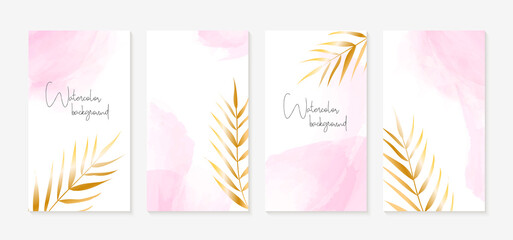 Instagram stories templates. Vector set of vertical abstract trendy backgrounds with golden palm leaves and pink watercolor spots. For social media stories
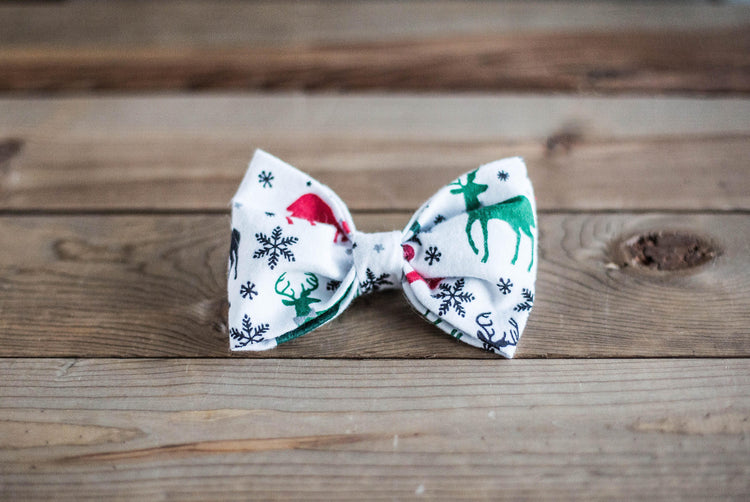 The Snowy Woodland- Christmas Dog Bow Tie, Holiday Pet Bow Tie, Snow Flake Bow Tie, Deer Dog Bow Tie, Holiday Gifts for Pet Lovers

+++++

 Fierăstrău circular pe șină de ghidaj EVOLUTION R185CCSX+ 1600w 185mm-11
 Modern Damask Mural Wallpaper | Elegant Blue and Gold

+++++

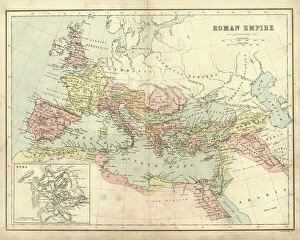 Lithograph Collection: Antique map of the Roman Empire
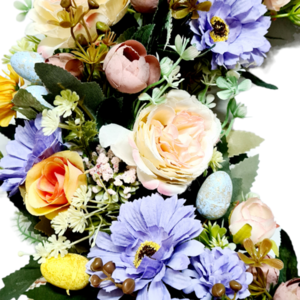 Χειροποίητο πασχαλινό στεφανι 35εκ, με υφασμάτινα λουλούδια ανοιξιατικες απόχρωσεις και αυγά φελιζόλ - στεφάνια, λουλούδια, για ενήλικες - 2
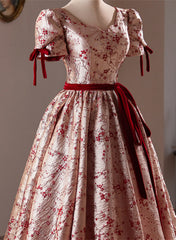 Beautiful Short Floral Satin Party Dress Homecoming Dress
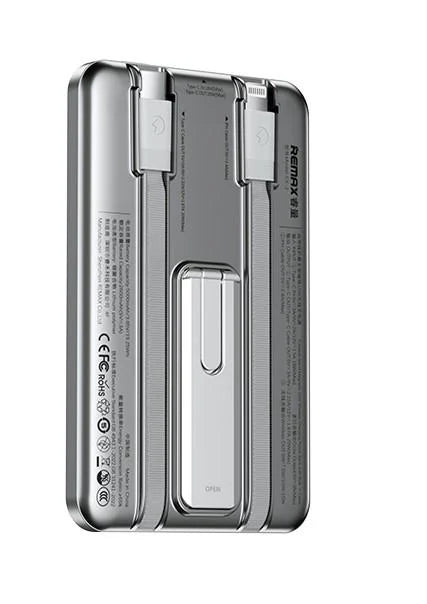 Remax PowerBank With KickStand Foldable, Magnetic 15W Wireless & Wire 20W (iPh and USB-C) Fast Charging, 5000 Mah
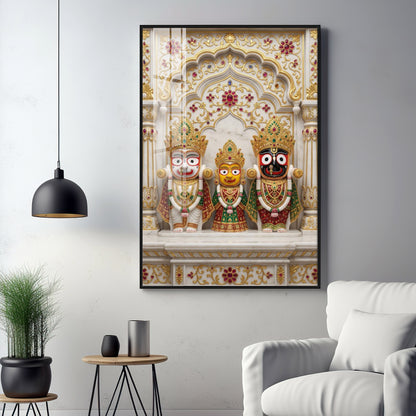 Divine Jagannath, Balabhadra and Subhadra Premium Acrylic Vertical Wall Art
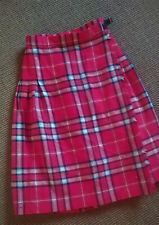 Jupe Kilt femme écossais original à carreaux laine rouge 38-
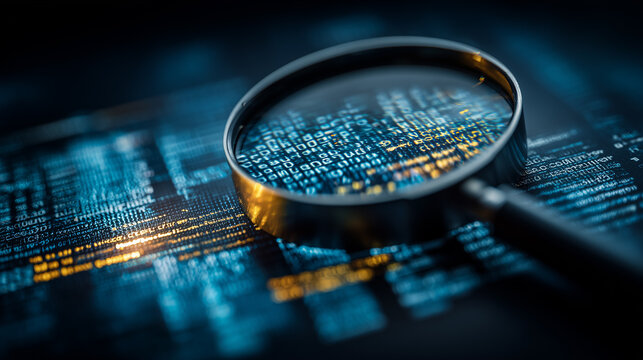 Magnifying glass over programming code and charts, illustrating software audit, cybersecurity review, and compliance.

+++++

§ PROBLEM TO WORK ON
The material above holds pictures; leave them out. Repeat exactly the lines from the one containing "Beautiful Short Floral" through the one containing "Magnifying glass over", and nothing else.

§ EXERCISE SOLUTION
 Beautiful Short Floral Satin Party Dress Homecoming Dress
 Remax PowerBank With KickStand Foldable, Magnetic 15W Wireless & Wire 20W (iPh and USB-C) Fast Charging, 5000 Mah
 Divine Jagannath, Balabhadra and Subhadra Premium Acrylic Vertical Wall Art
 Jupe Kilt femme écossais original à carreaux laine rouge 38-
 Magnifying glass over programming code and charts, illustrating software audit, cybersecurity review, and compliance.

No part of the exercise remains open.